Research Paper Advance Articles

Identification of lncRNA biomarkers for lung cancer through integrative cross-platform data analyses

Tianying Zhao1,2, , Vedbar Singh Khadka1, , Youping Deng1, ,

  • 1 Department of Quantitative Health Sciences, University of Hawaii John A. Burns School of Medicine, The University of Hawaii at Manoa, Honolulu, HI 96813, USA
  • 2 Department of Molecular Biosciences and Bioengineering, The University of Hawaii at Manoa College of Tropical Agriculture and Human Resources, Agricultural Sciences 218, Honolulu, HI 96822, USA

Received: January 9, 2020       Accepted: June 1, 2020       Published: July 16, 2020
How to Cite

Copyright © 2020 Zhao et al. This is an open-access article distributed under the terms of the Creative Commons Attribution License (CC BY 3.0), which permits unrestricted use, distribution, and reproduction in any medium, provided the original author and source are credited.


This study was designed to identify lncRNA biomarker candidates using lung cancer data from RNA-Seq and microarray platforms separately.

Lung cancer datasets were obtained from the Gene Expression Omnibus (GEO, n = 287) and The Cancer Genome Atlas (TCGA, n = 216) repositories, only common lncRNAs were used. Differentially expressed (DE) lncRNAs in tumors with respect to normal were selected from the Affymetrix and TCGA datasets. A training model consisting of the top 20 DE Affymetrix lncRNAs was used for validation in the TCGA and Agilent datasets. A second similar training model was generated using the TCGA dataset.

First, a model using the top 20 DE lncRNAs from Affymetrix for training and validated using TCGA and Agilent, achieved high prediction accuracy for both training (98.5% AUC for Affymetrix) and validation (99.2% AUC for TCGA and 92.8% AUC for Agilent). A similar model using the top 20 DE lncRNAs from TCGA for training and validated using Affymetrix and Agilent, also achieved high prediction accuracy for both training (97.7% AUC for TCGA) and validation (96.5% AUC for Affymetrix and 80.9% AUC for Agilent). Eight lncRNAs were found to be overlapped from these two lists.

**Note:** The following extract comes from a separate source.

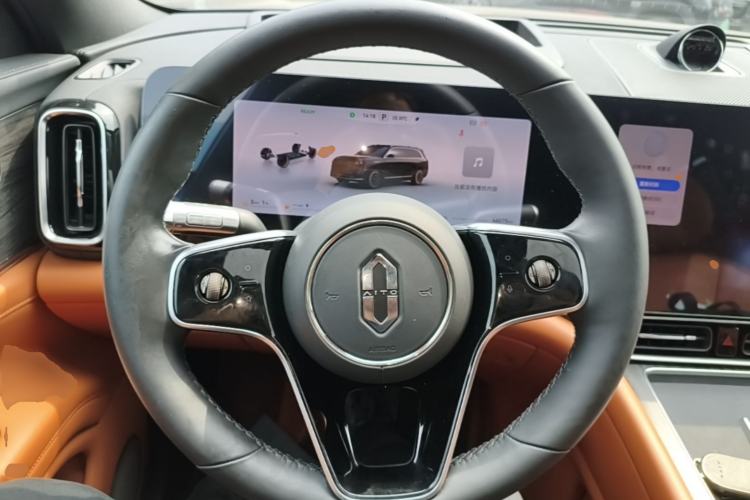 Used Hima AITO M9 2024 Range-Extended Ultra Version 42 kWh 6-Seater Model Steering Wheel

LUAD/ADC: adenocarcinoma; LUSC/SCC: squamous cell carcinoma; SCLC: small cell lung cancer; NSCLC: non-small cell lung cancer; lncRNA: long non-coding RNA; GEO: Gene Expression Omnibus; TCGA: The Cancer Genome Atlas; PCA: principal component analysis; TANRIC: The Atlas of ncRNA in Cancer; DAVID: Database for Annotation, Visualization, and Integrated Discovery; TARGET: Tumor Alterations Relevant for Genomics-driven Therapy.